Los personajes pertenecen a la saga crepúsculo.


Casa de hombres

Tres días habían pasado y los chicos se creían los reyes de la casa, pensaban que yo -la inocente y joven Isabella- nunca le devolvería sus incómodas e irritantes acciones ante mi persona.

Yo había acatado todas las normas sin ninguna objeción y ellos se las saltaban a la primera de cambio cogiendo la comida que yo compraba o hacía, vamos, por coger hasta cogían mi cepillo de dientes.

Las chicas que habían venido durante estos días me habían tratado como su asistente personal al igual que ellos.

Y realmente me tenían harta, cuando me quejaba a Jasper por todo lo que me hacían él solo respondía que solo era bromas sin importancia. Pero que bien le venía a él que le prestase mi rebeca para su novia o que fuese a hacerle la compra.

Hoy por la mañana me disponía a ir a la lavandería para limpiar mi ropa, por lo que no fue ninguna sorpresa cuando me acoplaron cinco toneladas de ropa.

Por suerte la lavandería estaba cerca y no tendría que ir en autobús, cuando llegué solo había una chica esperando que acabara la lavadora.

Dividí la ropa entre ropa oscura y toda la blanca que me habían dado, y las metí en dos lavadoras diferentes para ir más rápido, me negaba a meter la mía, no fuese que con mi mala suerte alguna ropa interior apareciese entre la colada de los chicos y eso no podría nunca perdonármelo.

-Parece que estás haciendo la colada para un regimiento- comentó la chica que había dejado la revista y me miraba curiosa.

-Creo que podríamos denominarlo así- comenté dividiendo mi ropa- aunque estos chicos no sobrevivirían en el ejército ni un día-

La chica se rió- Encantada soy Alice- dijo ofreciéndome su mano para estrecharla.

-Igualmente yo soy Bella- le contesté.

-Nunca antes te había visto en la lavandería ¿Eres nueva?- preguntó Alice.

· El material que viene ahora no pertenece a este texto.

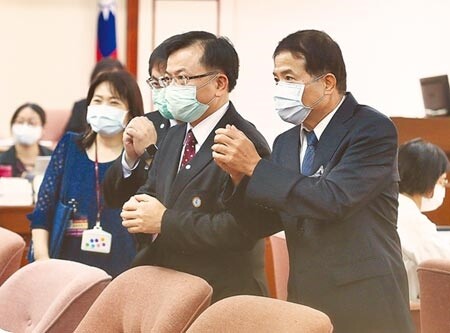 立法院13日聯席審查NCC委員被提名人資格,主委被提名人陳耀祥(中)、副主委被提名人翁柏宗(右)在開會前拱手向立委致意。(姚志平攝)
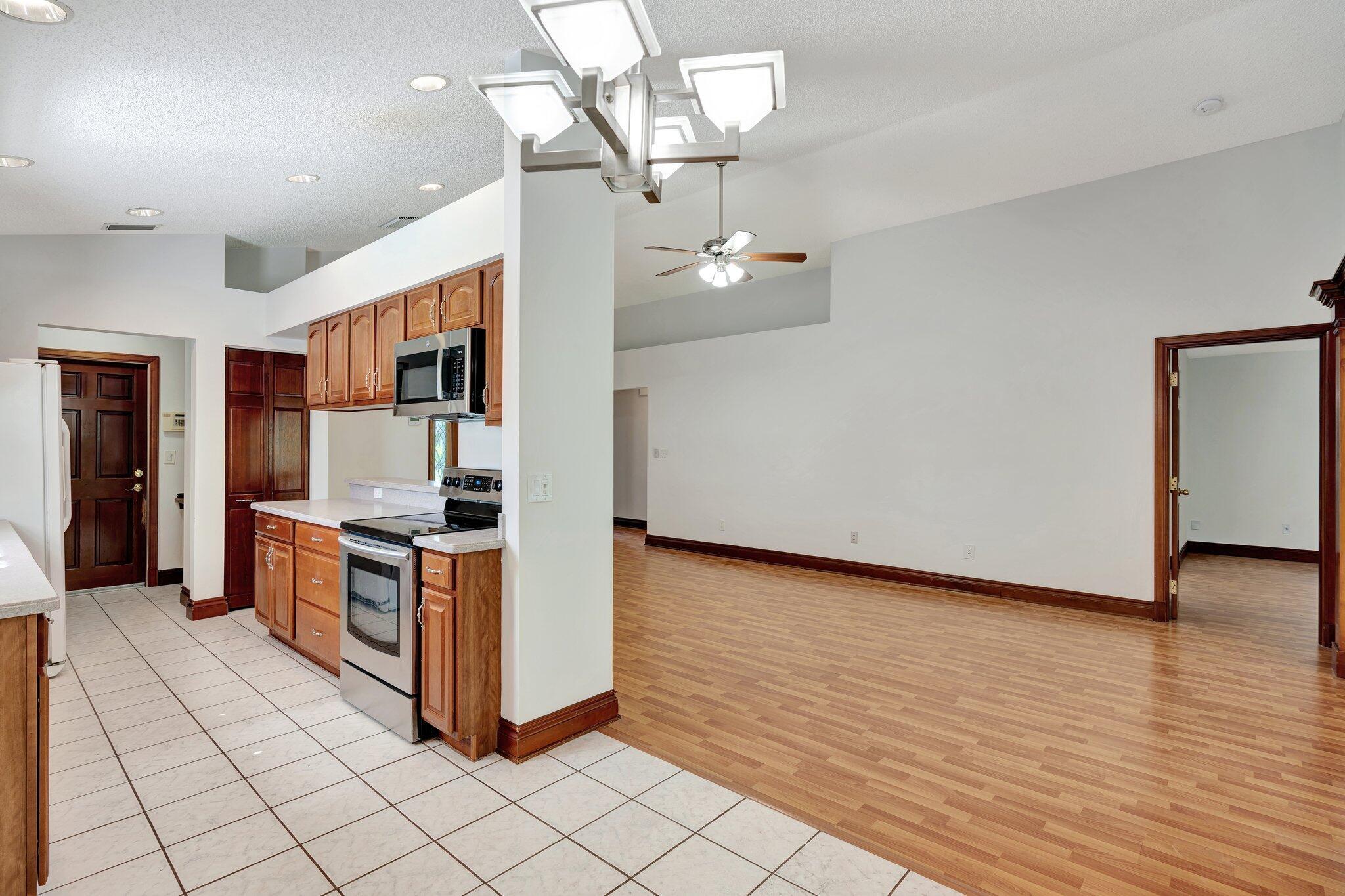 THE HEIGHTS OF NORTH PALM BEACH - Residential Lease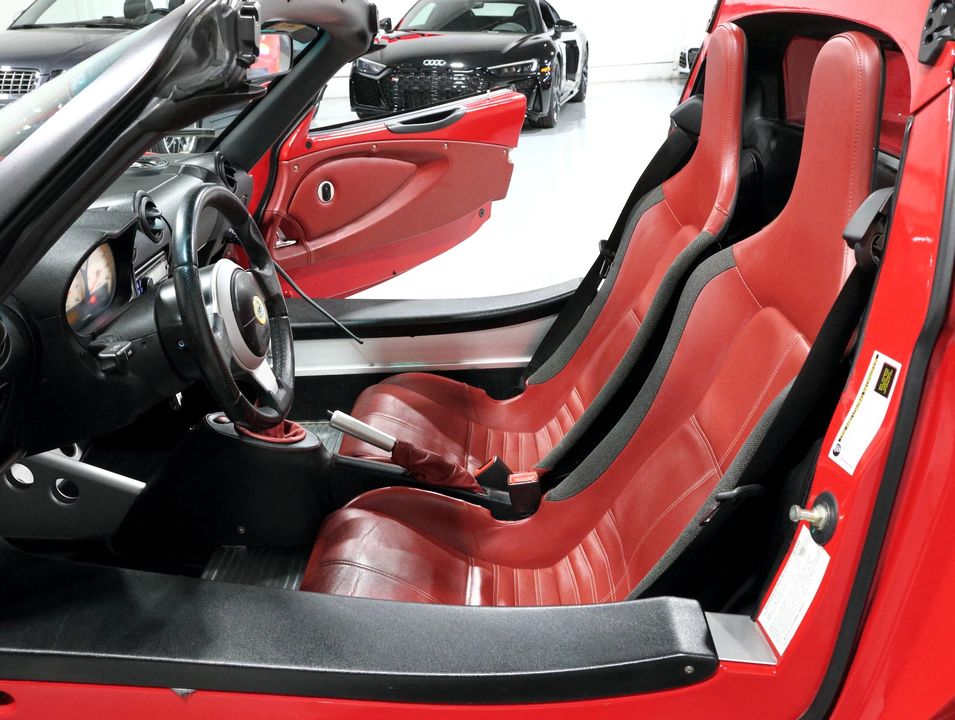 2005 Lotus Elise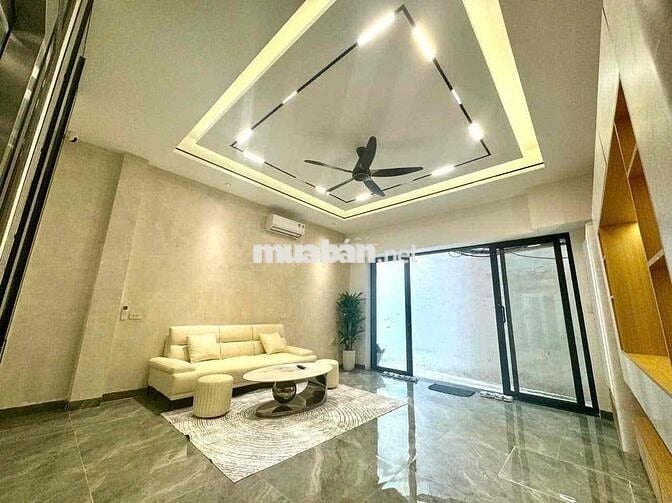 Siêu đầu tư! Văn chương, 50m -6 tầng thang máy, oto cổng, gần Hồ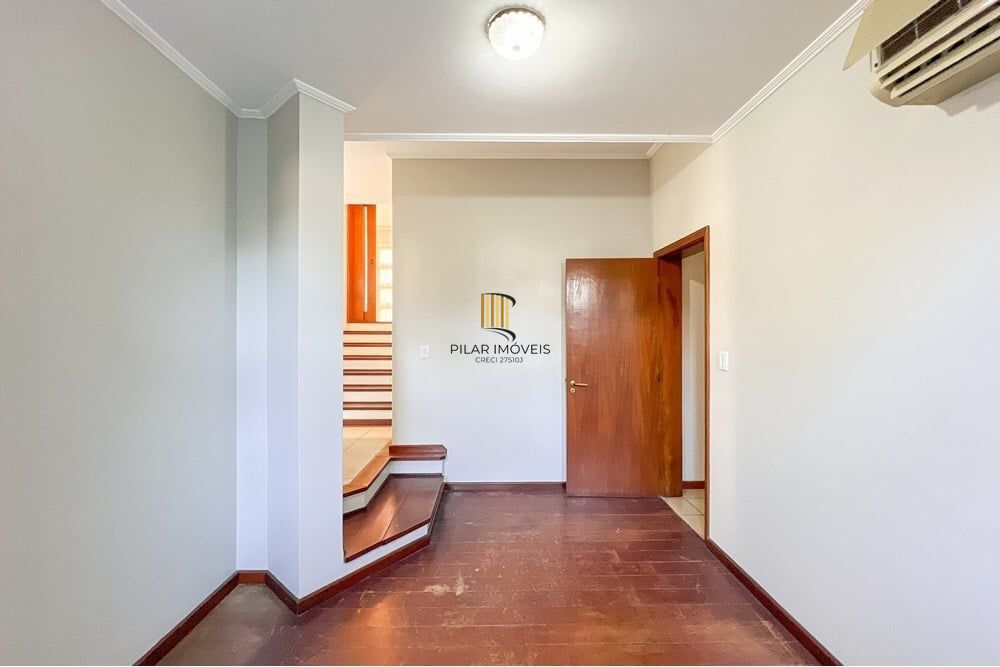 Apartamento 4 dormitórios no bairro Igara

- Me mudé tan solo hace una semana- le expliqué- ¿Y tú hace mucho que vives aquí?-

-No que va- negó con la cabezas- estoy compartiendo una casa con algunas personas, amigos de amigos ya sabes- contestó.

El pitido de su lavadora nos alertó de que ya había terminado. Se despidió de mi con dos besos.

Le sonreí esperando encontrármela alguna vez más, aunque con lo grande que era la universidad las posibilidades eran muy escasas.

Puse mi ropa en las lavadoras que había dejado libres y esperé mirando una revista a que terminasen.

El pitido de las lavadoras de los chicos sonó, rápidamente abrí la de oscuro para luego sacar la otra colada de colores claros.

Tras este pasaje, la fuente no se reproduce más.